**Work task:**
While leaving the pictures out, set down only the lines from the one with "Odzież Tommy Jeans" through the end of the records, exactly as they stand.

BEGIN Dataset extract

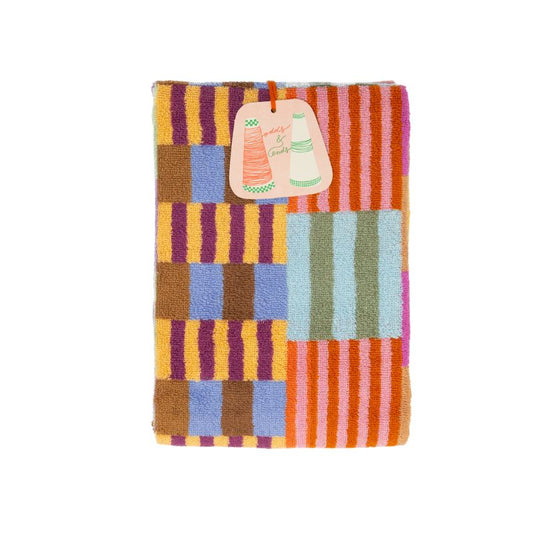 foekje fleur - bath towel M - odds & ends - #123 tulip quilt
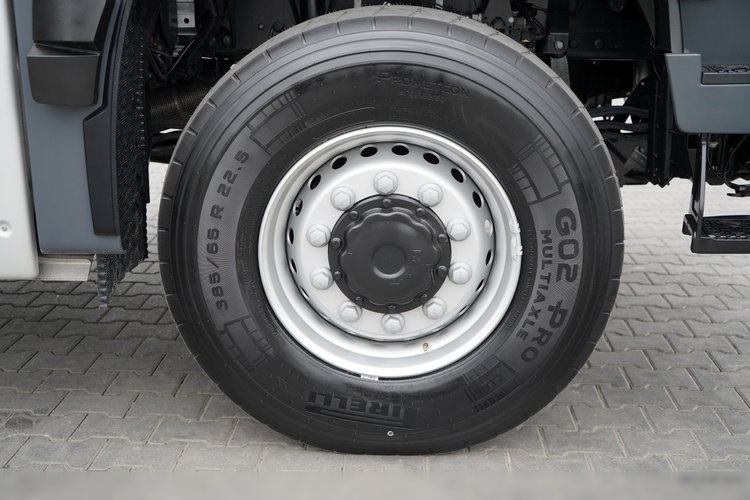 MAN TGS 33.480 / 6X6 / WYWROTKA 3 STRONNA / BORDMATIC / HYDROBURTA / KH KIPPER / AUTOMAT / FABRYCZNIE NOWY / DOSTĘPNY OD RĘKI / zdjęcie 28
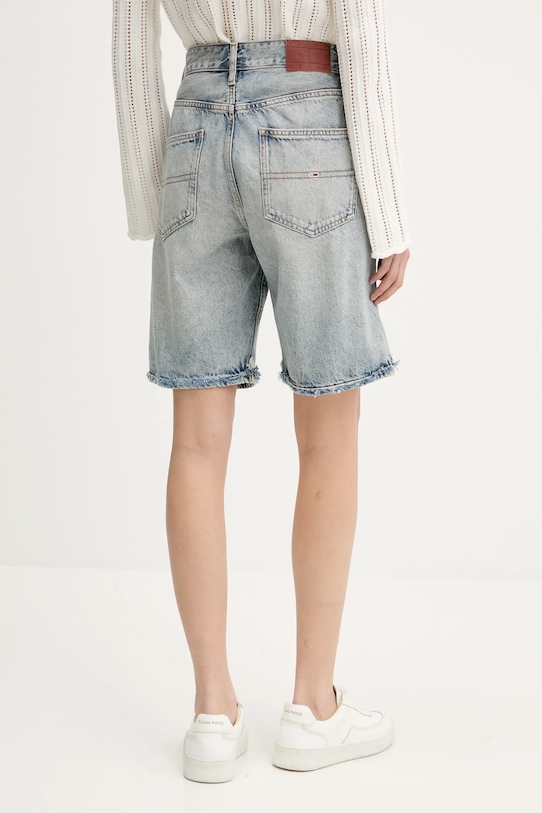 Odzież Tommy Jeans szorty jeansowe DW0DW20086 niebieski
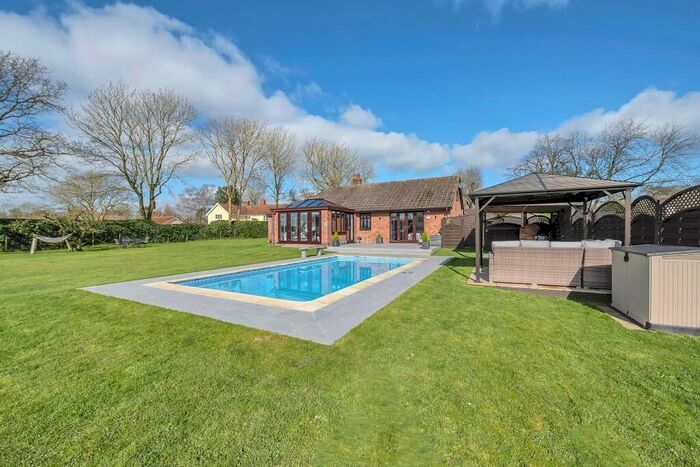 4 Bedroom Detached Bungalow For Sale In Wickham Skeith, IP23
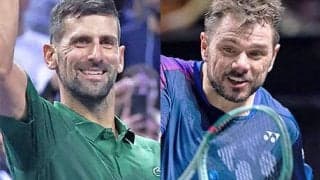  【速報中】ジョコビッチvsマルティネス 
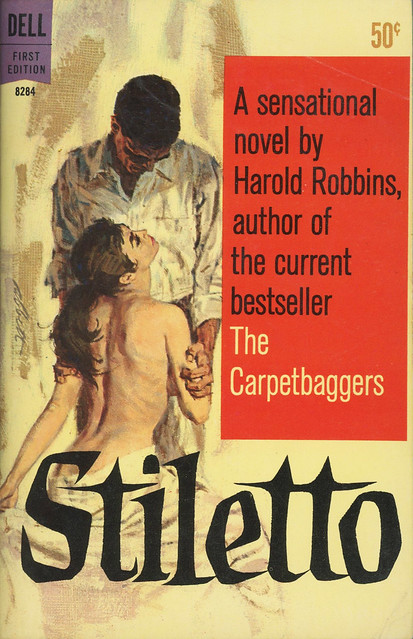 Dell Books 8284 - Harold Robbins - Stiletto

END Dataset extract

**Exercise answer:**
 Odzież Tommy Jeans szorty jeansowe DW0DW20086 niebieski
 4 Bedroom Detached Bungalow For Sale In Wickham Skeith, IP23
  【速報中】ジョコビッチvsマルティネス 
 Dell Books 8284 - Harold Robbins - Stiletto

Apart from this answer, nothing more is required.